Start of Extracted material

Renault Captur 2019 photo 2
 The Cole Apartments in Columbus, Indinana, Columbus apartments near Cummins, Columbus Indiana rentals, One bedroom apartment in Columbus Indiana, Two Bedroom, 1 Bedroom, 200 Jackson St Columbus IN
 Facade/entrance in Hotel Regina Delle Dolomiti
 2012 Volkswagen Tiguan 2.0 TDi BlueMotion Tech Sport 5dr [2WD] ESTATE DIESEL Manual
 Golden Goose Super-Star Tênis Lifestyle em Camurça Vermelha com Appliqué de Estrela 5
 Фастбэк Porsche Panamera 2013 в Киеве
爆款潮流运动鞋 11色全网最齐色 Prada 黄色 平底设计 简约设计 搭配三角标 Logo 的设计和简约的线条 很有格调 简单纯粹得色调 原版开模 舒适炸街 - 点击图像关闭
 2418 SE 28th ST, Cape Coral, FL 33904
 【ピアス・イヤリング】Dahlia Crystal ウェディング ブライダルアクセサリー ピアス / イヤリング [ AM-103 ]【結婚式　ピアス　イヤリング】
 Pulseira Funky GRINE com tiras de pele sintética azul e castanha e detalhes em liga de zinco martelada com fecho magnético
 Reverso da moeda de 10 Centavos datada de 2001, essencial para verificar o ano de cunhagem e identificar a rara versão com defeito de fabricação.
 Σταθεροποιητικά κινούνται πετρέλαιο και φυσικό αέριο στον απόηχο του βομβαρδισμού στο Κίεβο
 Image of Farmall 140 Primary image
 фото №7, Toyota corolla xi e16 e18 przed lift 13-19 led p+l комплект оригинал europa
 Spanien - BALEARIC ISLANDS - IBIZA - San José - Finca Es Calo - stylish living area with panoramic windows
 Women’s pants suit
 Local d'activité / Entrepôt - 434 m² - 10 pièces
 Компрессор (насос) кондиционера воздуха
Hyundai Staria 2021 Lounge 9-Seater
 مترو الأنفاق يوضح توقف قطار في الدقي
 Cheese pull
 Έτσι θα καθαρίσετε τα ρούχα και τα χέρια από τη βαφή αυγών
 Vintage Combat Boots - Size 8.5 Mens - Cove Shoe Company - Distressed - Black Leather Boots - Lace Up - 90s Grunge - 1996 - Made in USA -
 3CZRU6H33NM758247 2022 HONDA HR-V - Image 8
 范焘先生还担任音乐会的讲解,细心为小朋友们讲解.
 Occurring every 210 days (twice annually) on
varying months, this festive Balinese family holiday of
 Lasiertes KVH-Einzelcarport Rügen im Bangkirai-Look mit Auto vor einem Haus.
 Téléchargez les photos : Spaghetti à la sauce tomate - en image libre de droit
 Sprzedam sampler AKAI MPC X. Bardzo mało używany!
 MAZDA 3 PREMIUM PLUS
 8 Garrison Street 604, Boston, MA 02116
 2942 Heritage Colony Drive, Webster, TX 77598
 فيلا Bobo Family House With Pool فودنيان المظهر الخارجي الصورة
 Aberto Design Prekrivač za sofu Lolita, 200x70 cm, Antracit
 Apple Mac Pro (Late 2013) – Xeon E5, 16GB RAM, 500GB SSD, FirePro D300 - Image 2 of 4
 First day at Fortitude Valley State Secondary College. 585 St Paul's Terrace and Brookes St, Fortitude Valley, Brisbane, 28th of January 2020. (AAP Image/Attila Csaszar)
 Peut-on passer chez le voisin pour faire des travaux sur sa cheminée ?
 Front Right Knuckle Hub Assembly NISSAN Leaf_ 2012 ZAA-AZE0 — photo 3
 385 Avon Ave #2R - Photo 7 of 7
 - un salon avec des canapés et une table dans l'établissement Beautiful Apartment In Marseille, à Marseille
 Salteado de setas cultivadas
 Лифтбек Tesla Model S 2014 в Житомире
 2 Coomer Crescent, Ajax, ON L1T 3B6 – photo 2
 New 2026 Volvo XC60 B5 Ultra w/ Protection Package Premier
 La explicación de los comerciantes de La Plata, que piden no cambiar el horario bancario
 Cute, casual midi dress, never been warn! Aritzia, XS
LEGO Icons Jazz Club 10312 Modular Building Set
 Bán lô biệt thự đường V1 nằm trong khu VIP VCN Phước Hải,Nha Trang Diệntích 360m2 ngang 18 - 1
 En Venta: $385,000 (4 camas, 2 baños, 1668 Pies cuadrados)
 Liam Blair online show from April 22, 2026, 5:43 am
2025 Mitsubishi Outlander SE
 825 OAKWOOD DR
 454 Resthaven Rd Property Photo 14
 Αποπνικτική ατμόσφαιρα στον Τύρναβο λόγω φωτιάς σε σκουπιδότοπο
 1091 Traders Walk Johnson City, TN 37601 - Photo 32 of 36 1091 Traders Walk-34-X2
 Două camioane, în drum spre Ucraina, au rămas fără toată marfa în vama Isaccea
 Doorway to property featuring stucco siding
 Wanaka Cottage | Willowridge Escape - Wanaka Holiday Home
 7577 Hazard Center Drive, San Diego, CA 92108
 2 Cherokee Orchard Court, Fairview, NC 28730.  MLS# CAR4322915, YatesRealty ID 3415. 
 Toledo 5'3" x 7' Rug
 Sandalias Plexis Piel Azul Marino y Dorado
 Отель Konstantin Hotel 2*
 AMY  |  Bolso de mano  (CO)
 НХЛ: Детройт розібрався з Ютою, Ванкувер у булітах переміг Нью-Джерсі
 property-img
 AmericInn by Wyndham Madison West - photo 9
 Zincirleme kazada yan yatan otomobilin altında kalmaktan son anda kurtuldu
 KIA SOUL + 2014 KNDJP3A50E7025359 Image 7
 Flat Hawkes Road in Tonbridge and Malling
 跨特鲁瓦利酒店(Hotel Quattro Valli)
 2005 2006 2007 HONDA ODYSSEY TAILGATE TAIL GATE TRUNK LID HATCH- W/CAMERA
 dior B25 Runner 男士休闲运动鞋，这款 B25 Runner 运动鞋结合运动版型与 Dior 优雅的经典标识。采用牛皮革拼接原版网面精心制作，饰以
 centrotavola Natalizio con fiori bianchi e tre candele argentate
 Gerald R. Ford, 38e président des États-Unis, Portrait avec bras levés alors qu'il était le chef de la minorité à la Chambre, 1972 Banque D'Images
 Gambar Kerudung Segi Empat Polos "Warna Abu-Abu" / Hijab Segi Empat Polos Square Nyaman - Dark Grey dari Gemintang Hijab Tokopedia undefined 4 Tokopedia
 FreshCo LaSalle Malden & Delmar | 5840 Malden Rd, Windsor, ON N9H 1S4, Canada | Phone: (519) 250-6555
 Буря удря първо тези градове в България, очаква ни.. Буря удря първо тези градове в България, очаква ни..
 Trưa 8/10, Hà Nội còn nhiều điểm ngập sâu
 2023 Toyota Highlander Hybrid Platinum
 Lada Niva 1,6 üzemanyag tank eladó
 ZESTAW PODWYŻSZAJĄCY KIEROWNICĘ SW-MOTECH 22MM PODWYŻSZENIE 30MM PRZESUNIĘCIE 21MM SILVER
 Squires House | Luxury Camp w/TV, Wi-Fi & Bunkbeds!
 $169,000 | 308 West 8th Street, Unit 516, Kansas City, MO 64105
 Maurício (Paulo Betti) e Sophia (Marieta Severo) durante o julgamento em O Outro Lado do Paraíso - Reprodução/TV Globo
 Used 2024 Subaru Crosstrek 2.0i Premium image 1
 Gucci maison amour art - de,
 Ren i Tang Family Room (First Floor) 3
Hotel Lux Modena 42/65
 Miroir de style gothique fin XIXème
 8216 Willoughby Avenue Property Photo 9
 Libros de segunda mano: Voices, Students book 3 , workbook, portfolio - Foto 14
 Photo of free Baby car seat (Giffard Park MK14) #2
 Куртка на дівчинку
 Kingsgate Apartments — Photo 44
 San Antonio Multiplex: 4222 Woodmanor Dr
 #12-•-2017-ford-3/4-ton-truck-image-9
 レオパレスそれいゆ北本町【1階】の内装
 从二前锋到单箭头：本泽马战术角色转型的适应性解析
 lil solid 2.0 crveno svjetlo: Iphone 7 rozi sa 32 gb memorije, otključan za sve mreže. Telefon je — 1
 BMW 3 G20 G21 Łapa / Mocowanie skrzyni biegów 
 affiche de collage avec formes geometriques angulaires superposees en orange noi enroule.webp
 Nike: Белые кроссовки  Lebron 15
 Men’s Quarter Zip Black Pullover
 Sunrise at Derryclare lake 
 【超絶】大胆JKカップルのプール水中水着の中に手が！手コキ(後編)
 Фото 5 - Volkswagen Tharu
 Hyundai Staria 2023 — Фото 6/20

End of Extracted material

The line containing "Nike: Белые кроссовки" marks the start; retype it and each line after it through the end of the records above, exactly.

 Nike: Белые кроссовки  Lebron 15
 Men’s Quarter Zip Black Pullover
 Sunrise at Derryclare lake 
 【超絶】大胆JKカップルのプール水中水着の中に手が！手コキ(後編)
 Фото 5 - Volkswagen Tharu
 Hyundai Staria 2023 — Фото 6/20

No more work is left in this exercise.